Inspired by recent research work, a carbon-based solid acid catalyst with cellulose as a precursor was synthesized by a hydrothermal method and selected as an environmentally friendly and recyclable catalyst in sorbitol dehydration into isosorbide under solvent-free experimental conditions. Characterizations such as BET, XPS, TG, SEM, FT-IR and pyridine adsorption were further conducted to construct a relationship between the catalyst structural properties and its catalytic performance. The as-prepared solid acid exhibited promising properties with high isosorbide selectivity and stability. This study might shed light on the development of more efficient solid acid catalysts for the production of high value chemicals from biomass and/or biomass-derived feedstocks.

2. Experimental

2.1 Chemicals and reagents

Both microcrystalline cellulose and commercial niobic acid were purchased from Shanghai Aladdin Industrial Co. Ltd. All other chemicals were supplied by Tianjin Kermel Chemical Reagent Co. Ltd. and used without further purification.

2.2 Catalyst preparation

The cellulose-derived carbonaceous solid acid catalyst was synthesized by hydrothermal carbonization and sulfonation of microcrystalline cellulose. Typically, 3.0 g microcrystalline cellulose (50 μm) was first added into 60 mL deionized water under magnetic stirring. The resulting liquid mixture was then transferred to a Teflon-lined stainless steel autoclave (100 mL), heated to 230 °C and kept at this temperature for 2 h at autogenous pressure. After quickly cooling the autoclave to room temperature, the collected precipitate was repeatedly washed with hot water and dried overnight at 90 °C. The obtained black solid was then dispersed in 150 mL of concentrated sulfuric acid (>96%), heated to 150 °C and maintained at this temperature for 6 h with a continuous N₂ flow (30 mL min⁻¹) to introduce –SO₃H functional groups. After quenching to room temperature, 1000 mL deionized water was slowly added into the liquid mixture and filtration was performed. Finally, the filtered black precipitate was thoroughly washed with hot deionized water until no sulfate ions were detected in the effluent. The resulting material was dried in a vacuum oven at 60 °C for 12 h. The as-prepared cellulose-derived solid acid catalyst is denoted as CCS in the following discussion.

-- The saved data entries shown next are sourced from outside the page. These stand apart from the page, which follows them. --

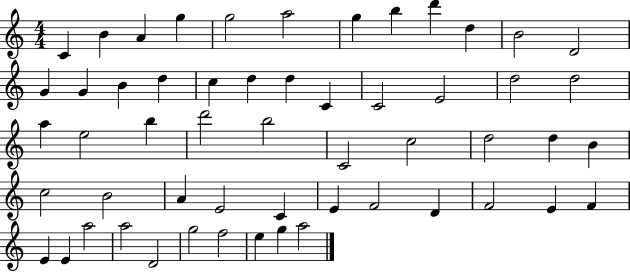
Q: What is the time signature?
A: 4/4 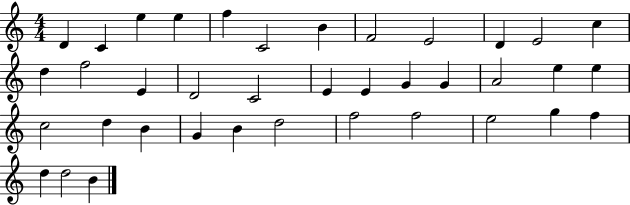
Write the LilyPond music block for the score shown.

{
  \clef treble
  \numericTimeSignature
  \time 4/4
  \key c \major
  d'4 c'4 e''4 e''4 | f''4 c'2 b'4 | f'2 e'2 | d'4 e'2 c''4 | \break d''4 f''2 e'4 | d'2 c'2 | e'4 e'4 g'4 g'4 | a'2 e''4 e''4 | \break c''2 d''4 b'4 | g'4 b'4 d''2 | f''2 f''2 | e''2 g''4 f''4 | \break d''4 d''2 b'4 | \bar "|."
} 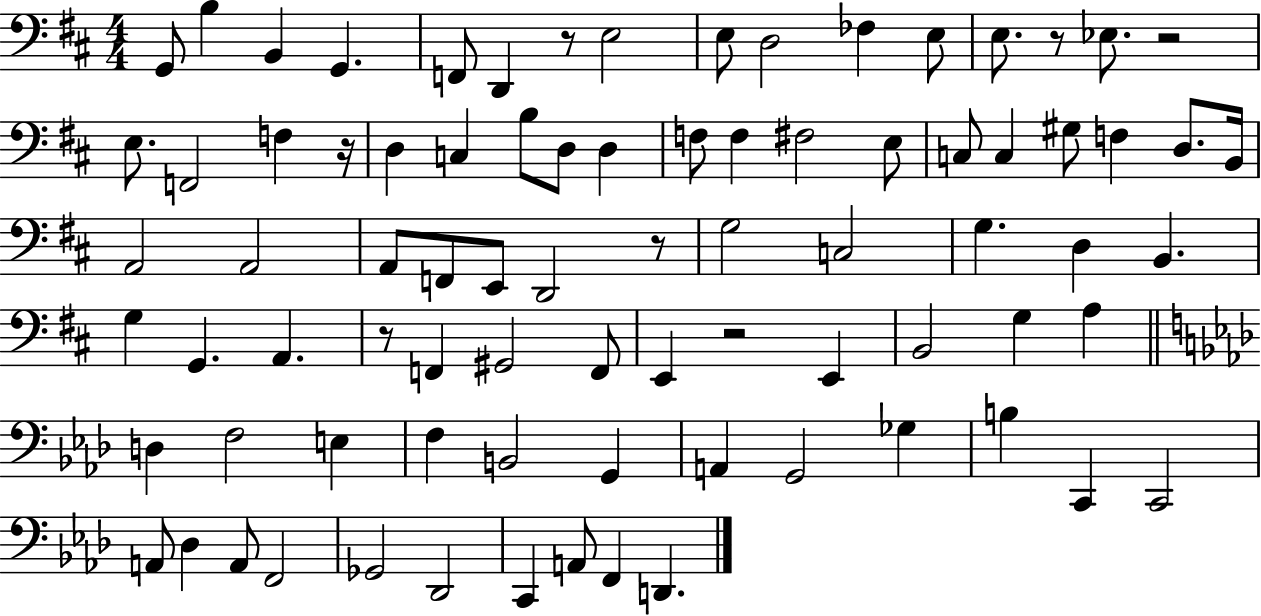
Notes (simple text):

G2/e B3/q B2/q G2/q. F2/e D2/q R/e E3/h E3/e D3/h FES3/q E3/e E3/e. R/e Eb3/e. R/h E3/e. F2/h F3/q R/s D3/q C3/q B3/e D3/e D3/q F3/e F3/q F#3/h E3/e C3/e C3/q G#3/e F3/q D3/e. B2/s A2/h A2/h A2/e F2/e E2/e D2/h R/e G3/h C3/h G3/q. D3/q B2/q. G3/q G2/q. A2/q. R/e F2/q G#2/h F2/e E2/q R/h E2/q B2/h G3/q A3/q D3/q F3/h E3/q F3/q B2/h G2/q A2/q G2/h Gb3/q B3/q C2/q C2/h A2/e Db3/q A2/e F2/h Gb2/h Db2/h C2/q A2/e F2/q D2/q. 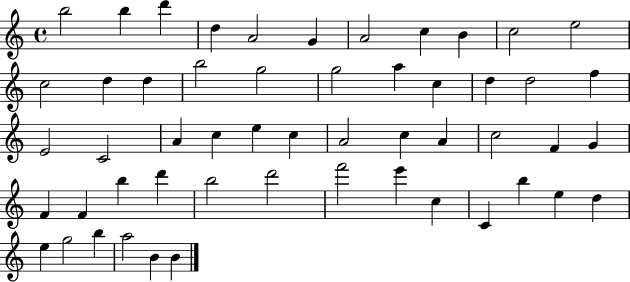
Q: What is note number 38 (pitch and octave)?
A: D6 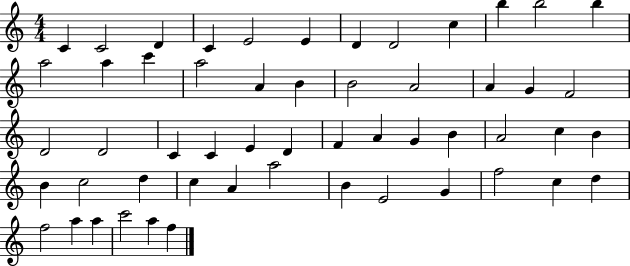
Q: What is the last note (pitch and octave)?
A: F5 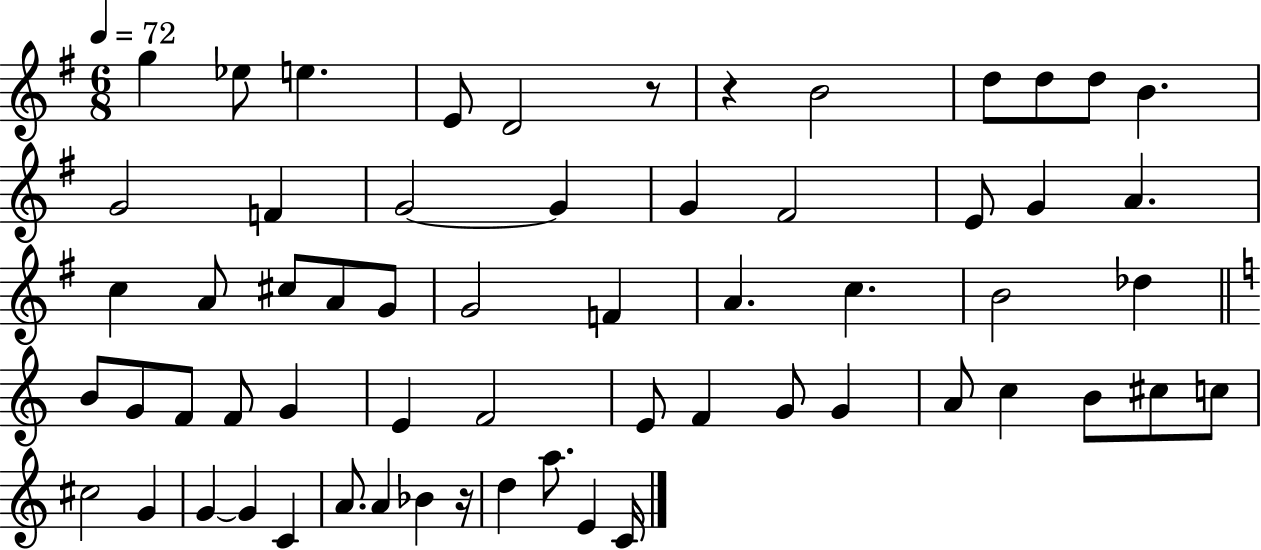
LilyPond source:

{
  \clef treble
  \numericTimeSignature
  \time 6/8
  \key g \major
  \tempo 4 = 72
  g''4 ees''8 e''4. | e'8 d'2 r8 | r4 b'2 | d''8 d''8 d''8 b'4. | \break g'2 f'4 | g'2~~ g'4 | g'4 fis'2 | e'8 g'4 a'4. | \break c''4 a'8 cis''8 a'8 g'8 | g'2 f'4 | a'4. c''4. | b'2 des''4 | \break \bar "||" \break \key c \major b'8 g'8 f'8 f'8 g'4 | e'4 f'2 | e'8 f'4 g'8 g'4 | a'8 c''4 b'8 cis''8 c''8 | \break cis''2 g'4 | g'4~~ g'4 c'4 | a'8. a'4 bes'4 r16 | d''4 a''8. e'4 c'16 | \break \bar "|."
} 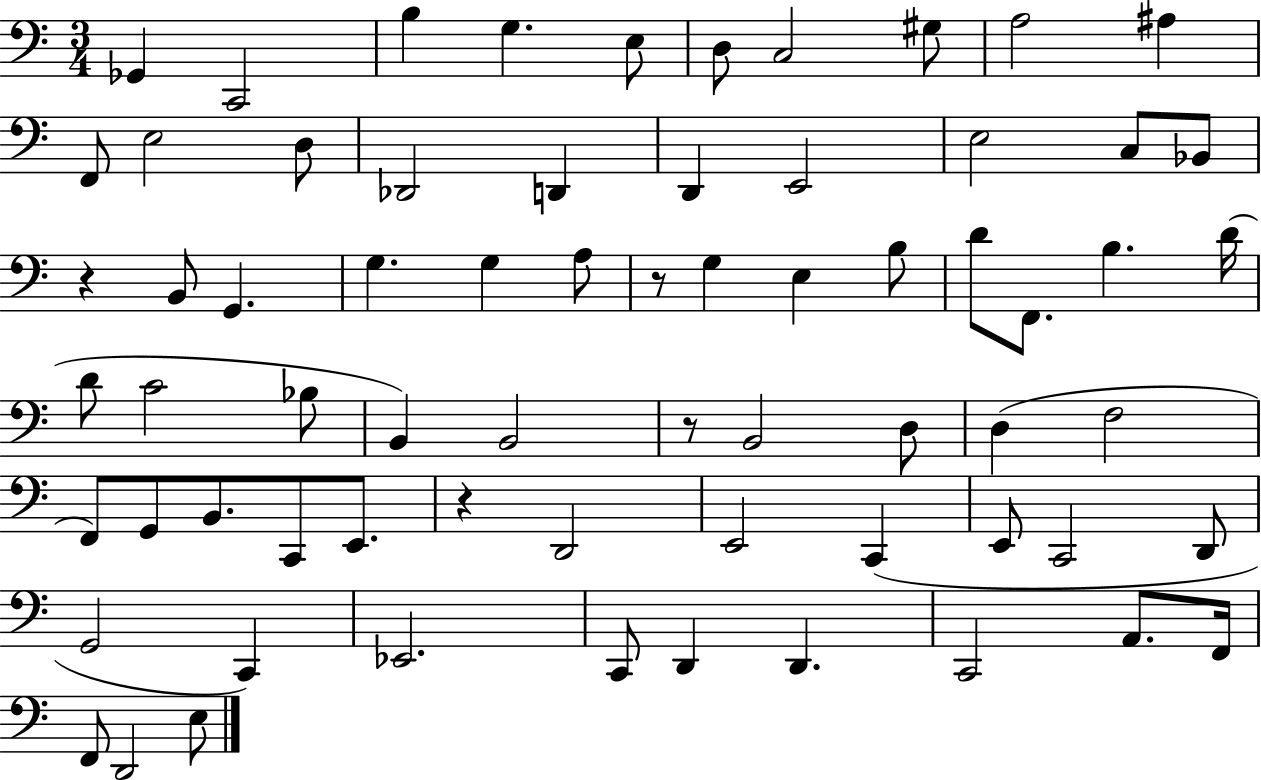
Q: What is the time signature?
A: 3/4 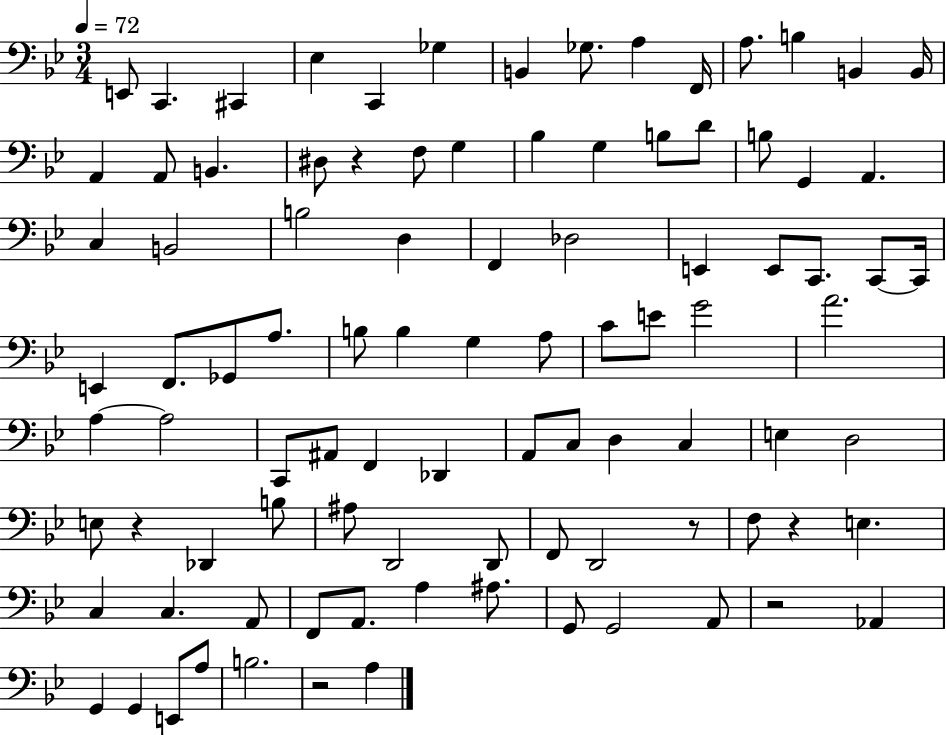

2.3 Catalyst characterization

The specific surface area of the catalyst was measured by the BET (Brunauer–Emmett–Teller) method. The measurement was conducted on an ASAP 2010 Micromeritics apparatus and consisted of nitrogen adsorption at −193 °C. Prior to measurement, the sample was first outgassed at 300 °C for 3 h under N₂ flow (50 mL min⁻¹).

Raman spectra were obtained using a Jobin-Yvon T64000 spectrometer with an Ar ion laser as the illumination source (532.08 nm) and a CCD detector cooled at −196 °C. The Raman spectra of the catalysts were recorded with the laser power below 0.7 mV in order to avoid laser heating influences.

The surface morphology and elemental mapping of the investigated catalyst were studied by scanning electron microscopy (SEM) on a JEOL JSM-6460LV equipped with energy-dispersive X-ray detection. The operational acceleration voltage was 15 kV. The sample was sputter coated with gold for 1 min before SEM characterization.

Thermogravimetric analysis (TGA) measurements were conducted on a TDA Q50 instrument in a N₂ flow (50 mL min⁻¹). The catalyst (10 mg) was placed in a quartz crucible and the temperature was increased from room temperature to 600 °C at a heating rate of 10 °C min⁻¹.

X-ray photoelectron spectroscopy (XPS) was conducted using an ESCALAB 250 spectrometer equipped with an Mg-K_α X-ray source operating at 100 W. The charging effect was corrected by referencing the binding energy of C1s at 284.8 eV.

The functional groups over the surface of the CCS catalyst were detected by FT-IR spectra using the standard KBr disc method in the range from 400 to 4000 cm⁻¹ at 4 cm⁻¹ resolution on a Digilab FTS 3100 FTIR spectrometer. A mixture of catalyst and KBr (catalyst/KBr = 1/100, mass ratio) was pressed into self-supporting wafers (15 mm) for measurement.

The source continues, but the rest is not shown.